Task details: The expected output is the full set of entries, printed exactly, without pictures.

Data extracts:
▬▬▬▬▬▬

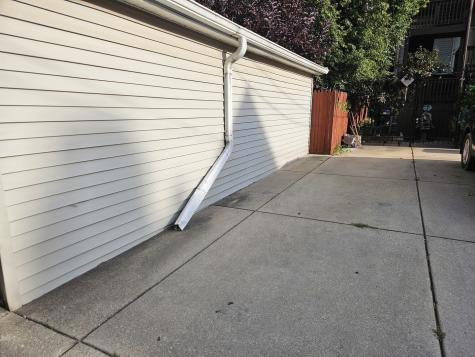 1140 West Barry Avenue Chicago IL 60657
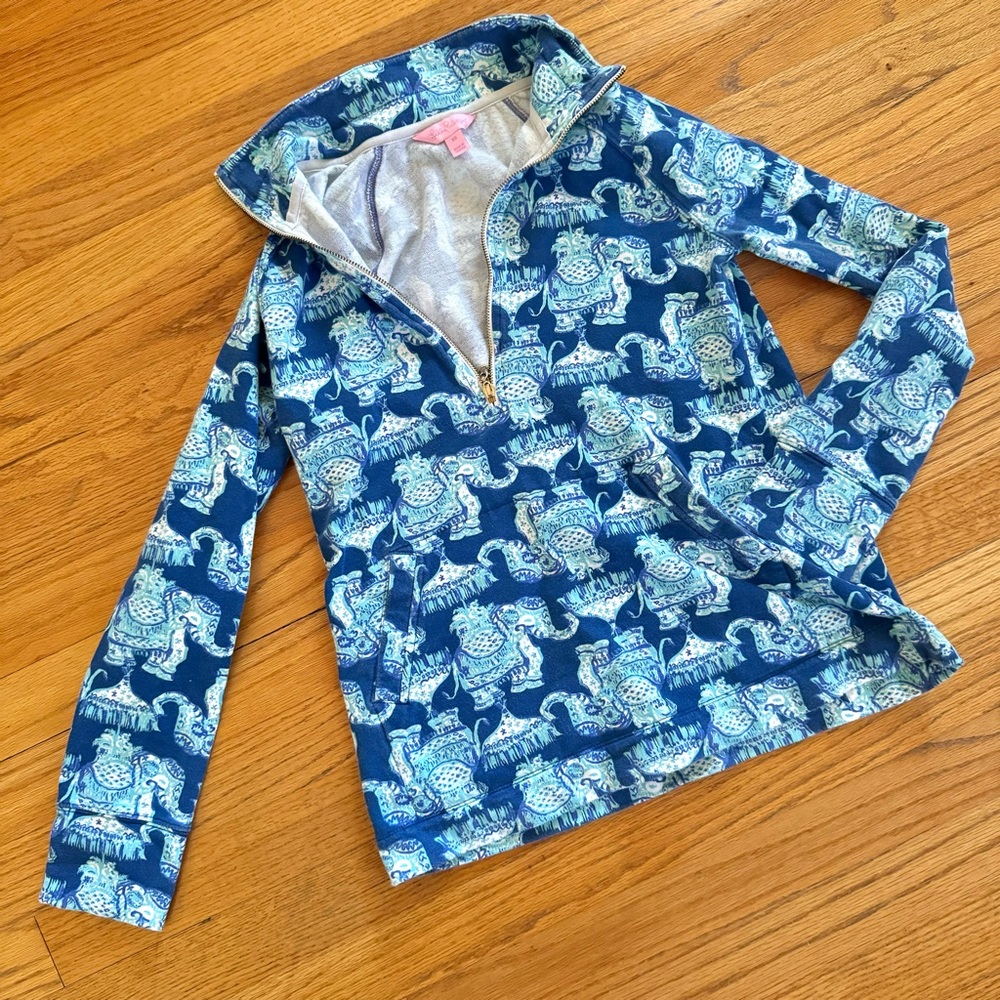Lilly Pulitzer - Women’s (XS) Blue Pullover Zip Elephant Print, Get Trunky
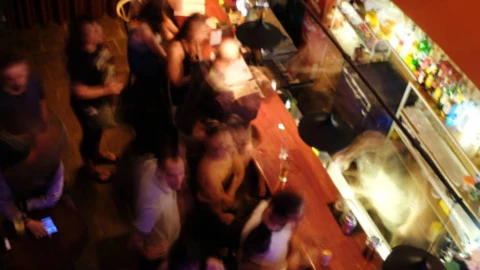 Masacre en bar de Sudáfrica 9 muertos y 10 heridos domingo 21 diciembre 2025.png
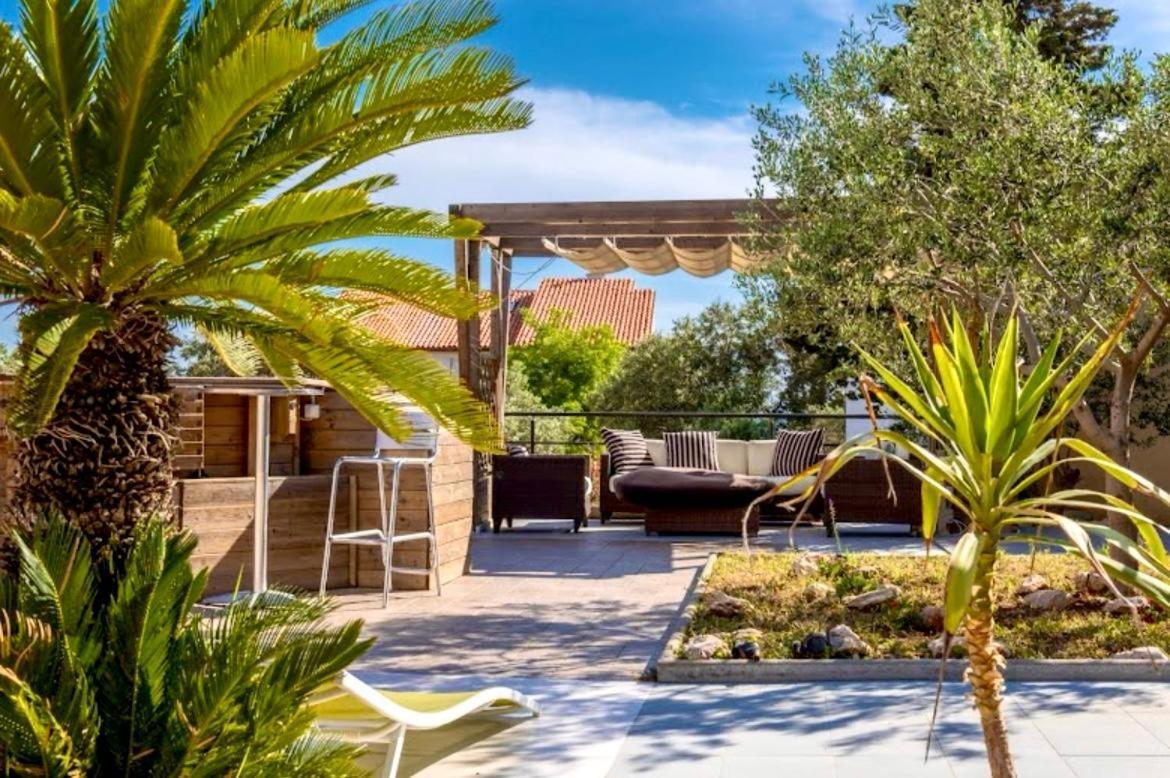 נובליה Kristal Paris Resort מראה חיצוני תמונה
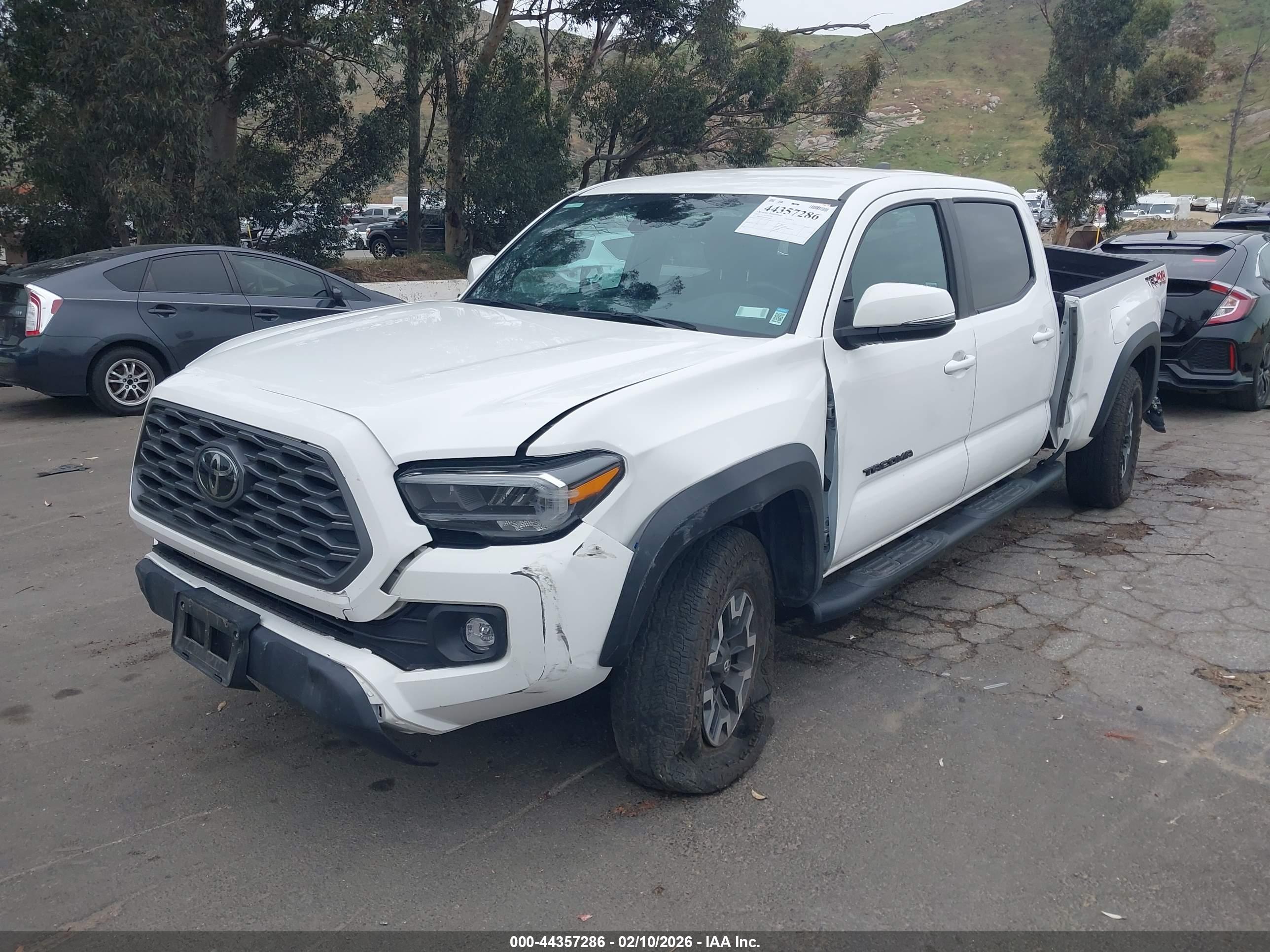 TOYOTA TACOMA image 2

▬▬▬▬▬▬

Written response:
 1140 West Barry Avenue Chicago IL 60657
Lilly Pulitzer - Women’s (XS) Blue Pullover Zip Elephant Print, Get Trunky
 Masacre en bar de Sudáfrica 9 muertos y 10 heridos domingo 21 diciembre 2025.png
 נובליה Kristal Paris Resort מראה חיצוני תמונה
 TOYOTA TACOMA image 2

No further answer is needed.